Monday, September 24, 2012

Prediction, Free Will and Muad'dib

During a recent public reading event, I was rebuked by a hoodied something-teen with the proclamation, "I think it would really boring to know my future." While I can't completely share his sentiment, I can agree with him on principal. In fact, when I attempted to look into the future, I saw the face of Muad'dib staring back at me.

Anyone familiar with Frank Herbert's "Dune" series knows the name. The central character, Paul Atreides, through the agency of the hallucinogenic spice Melange, becomes Muad'dib, the Kwisatz Haderach ("Shortening of the Way"), who can see past, present and future simultaneously. Ultimately, he comes to understand that to know the future is to become trapped by it, funneled into an ever-narrowing door of possibility.

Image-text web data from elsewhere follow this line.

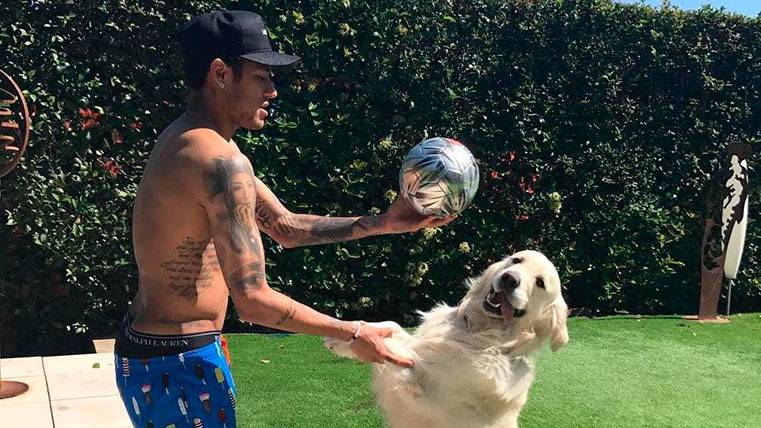 Neymar Júnior disfrutando con su perro Poker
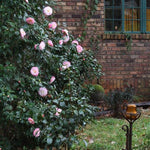 April Remembered Camellia
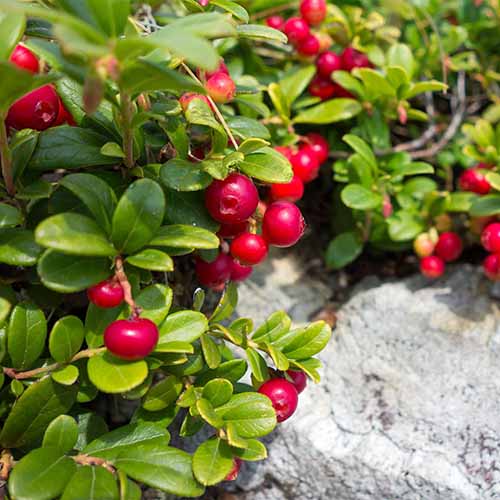 RedCrocus Stevens Red Cranberry Live Plant (Vaccinium), Cold-Hardy Edible Groundcover, Evergreen Vine for Sun, Container/Bog Friendly, Zones 2-7  4" Pot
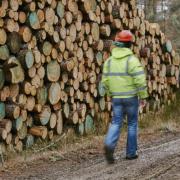 England (and the wider UK) needs to increase the amount of timber it grows at home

While his father Leto had admonished "Knowing that a trap exists is the first step in avoiding it," Muad'dib's son Leto II declares, "I assure you that the ability to view our futures can become a bore." The young naysayer who refused the reading had a bit of mythological backup.

Yet, on the other side of the equation (and there is always another side), the Uncertainty Principal in quantum physics states that the very act of observation affects a change in the observed. When we have a conscious awareness of what lies ahead, alternatives are immediately created. You see the precipice approaching, and in an effort to avoid plummeting over the edge you realize the benefits of turning left or right or even back. The future suddenly branches off into several possibilities, each with their own separate destinations. Once this happens, the future is nearly impossible to predict - to use the words of another omnipotent science fiction character, "Always in motion, the future is."

Faced with these questions about questions and free will versus determinism, I recall a moment where, in a fit of despair, I came to the realization that I was where I was as a result of the choices I had made up to that point. My present is the result of what actions I took in the past, and as such, my future is determined by the actions I undertake in the present. As such, a reading about one's future is not so much about foretelling as it is about projecting which way your present course could take you, and what options you have for altering the vector. Futures are created, not predicted.

The rejoinder I gave to the adolescent striving to forge his own reality was "This isn't about knowing your future, it's about empowering you in the present." And the caveat I would deliver to those desiring that prescience would once again come from the timeless pages of "Dune": "The eye that looks ahead to the safe course is closed forever."